» **WHAT NEEDS TO BE DONE**
Beginning with the line that contains "Οι ταινίες που έρχονται σήμερα στις αίθουσες", print each line to the end of the data exactly. Omit the pictures.

» **RECORDS FOR THIS TASK**
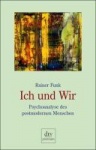 Ich und Wir 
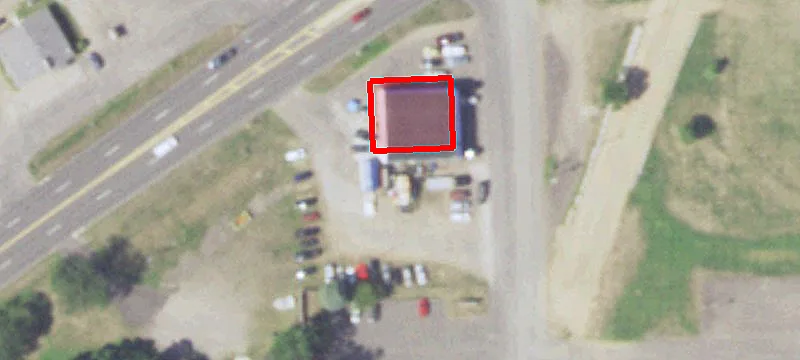 200 Us Hwy 8th 63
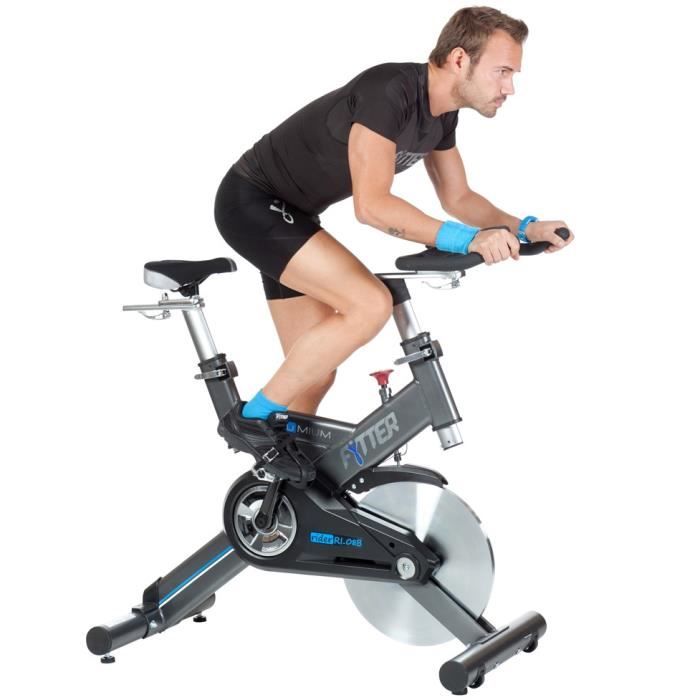 Fytter discount velo biking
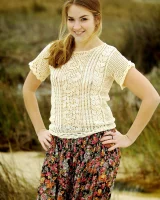 ATK Galleria - 03-bre029ART_143954003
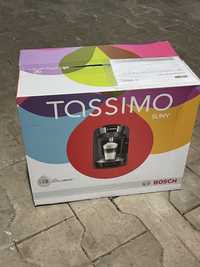 Espressor capsule BOSCH Tassimo Suny TAS3207, 0.8l, 1300W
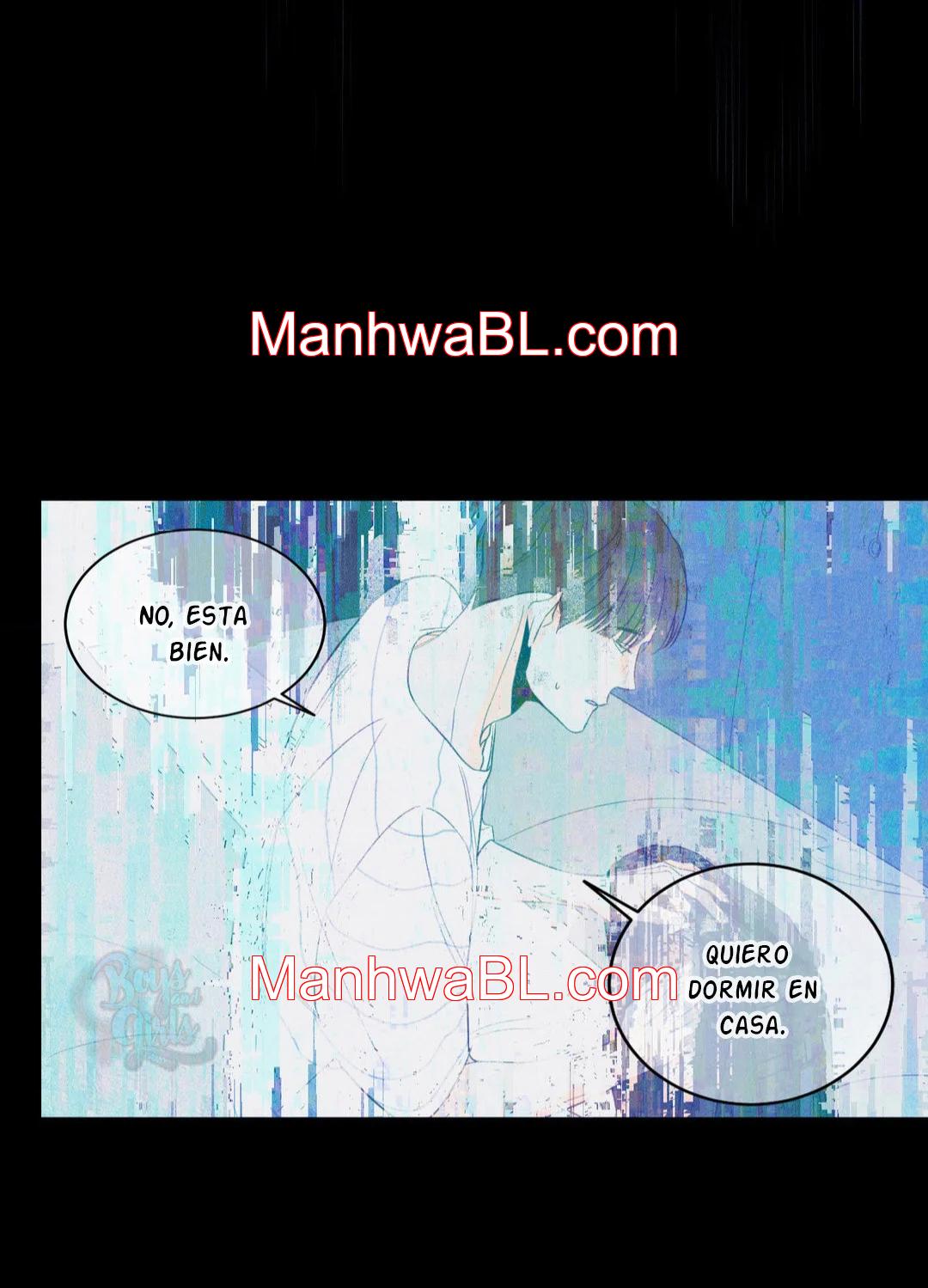 Still, Do You Like it? - Capítulo 47 3 manhwa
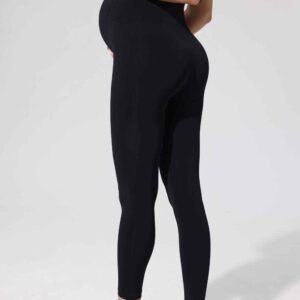 soutien-gorge de sport découpé RUXI nr1311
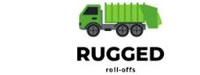 Rugged Roll-Offs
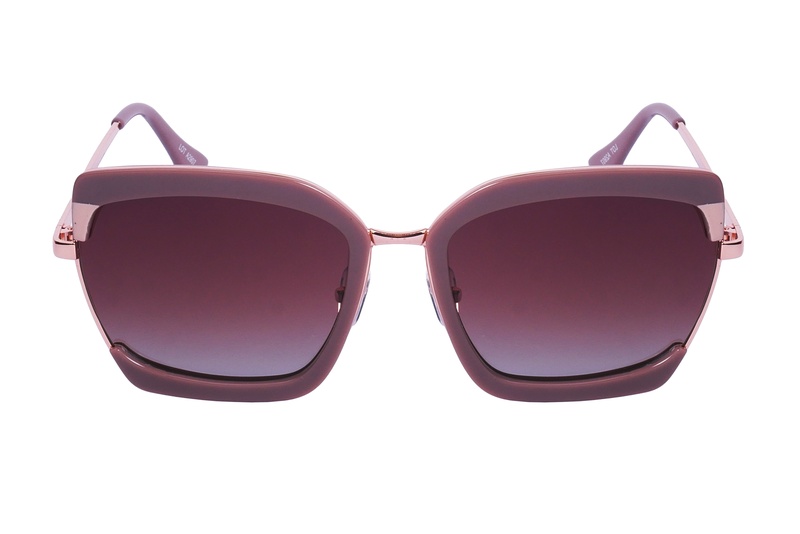 A-z CHIC 6940 CP
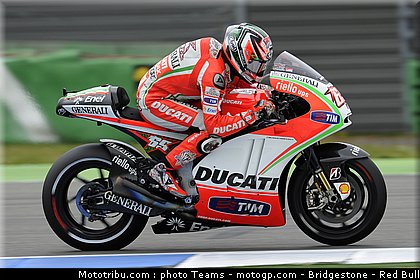 motogp_hayden_0007_pays_bas_assen_2012.jpg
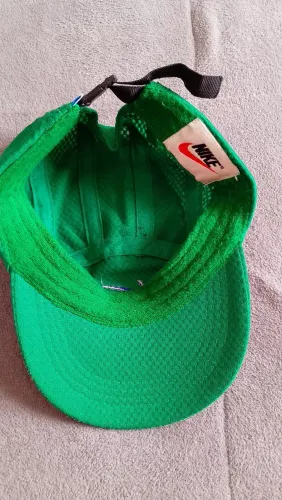Boné Nike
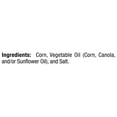 thumbnail image 5 of Tostitos Lightly Salted Restaurant Style Tortilla Chips, 13 oz Bag, 5 of 5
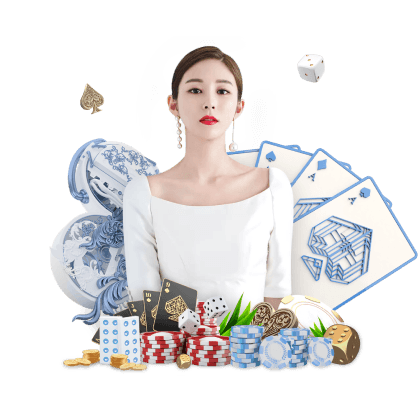床戏(巨肉高h)桌面版客户端
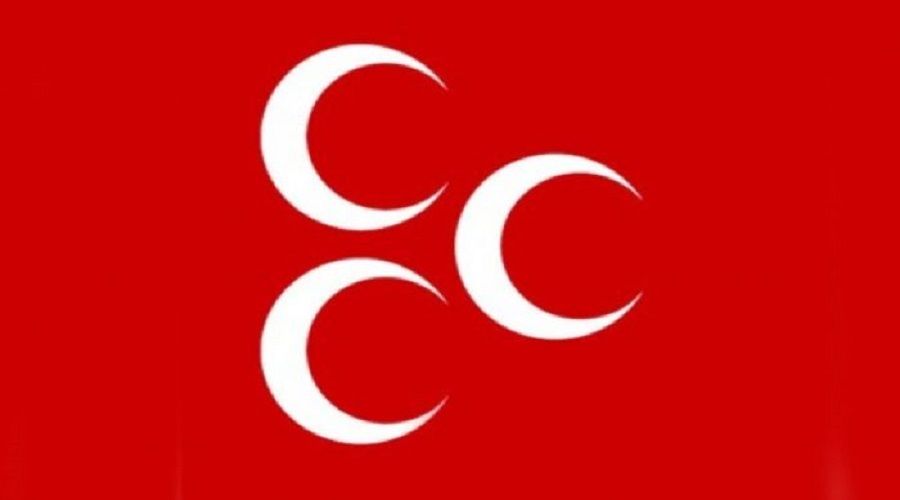 MHP’de ‘enflasyondan’ şikayetçi olmak disiplin suçu sayıldı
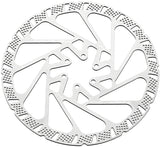 TRP S05E Race Disc Brake Rotor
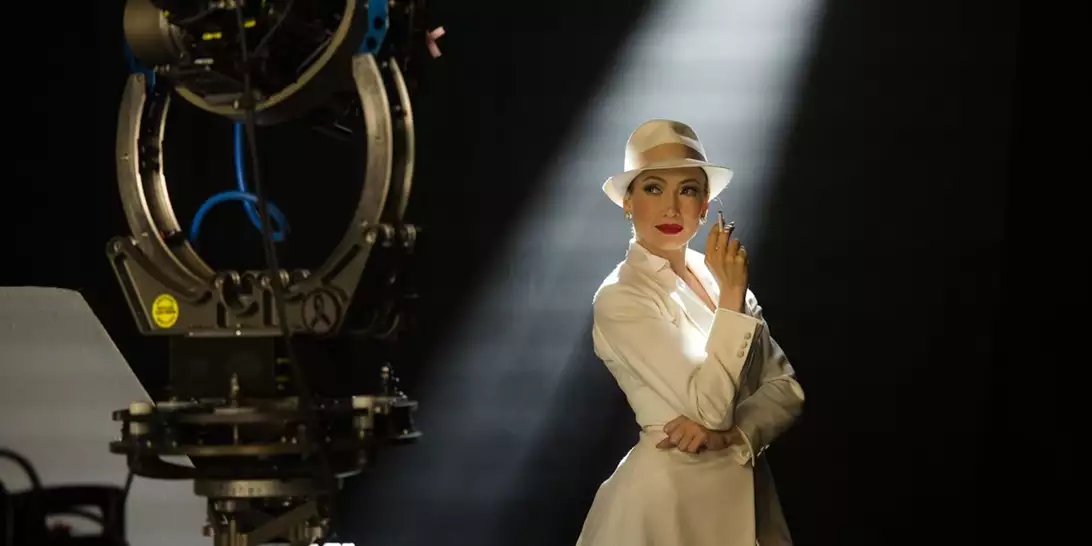 Οι ταινίες που έρχονται σήμερα στις αίθουσες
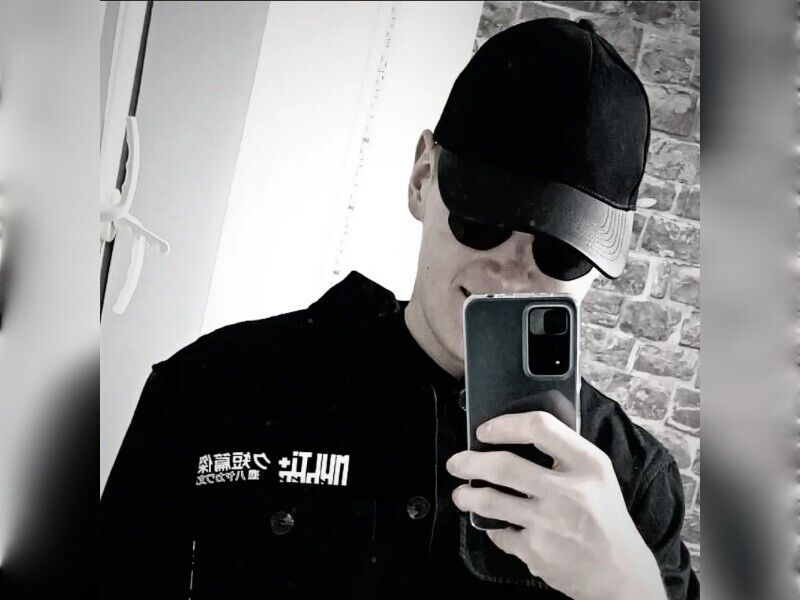 ���������� ������, ���� ����� ������, 20 ���, ������������ ��� ����� � ���������, c�������� ���������, ���������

» **RESULT BELOW**
 Οι ταινίες που έρχονται σήμερα στις αίθουσες
 ���������� ������, ���� ����� ������, 20 ���, ������������ ��� ����� � ���������, c�������� ���������, ���������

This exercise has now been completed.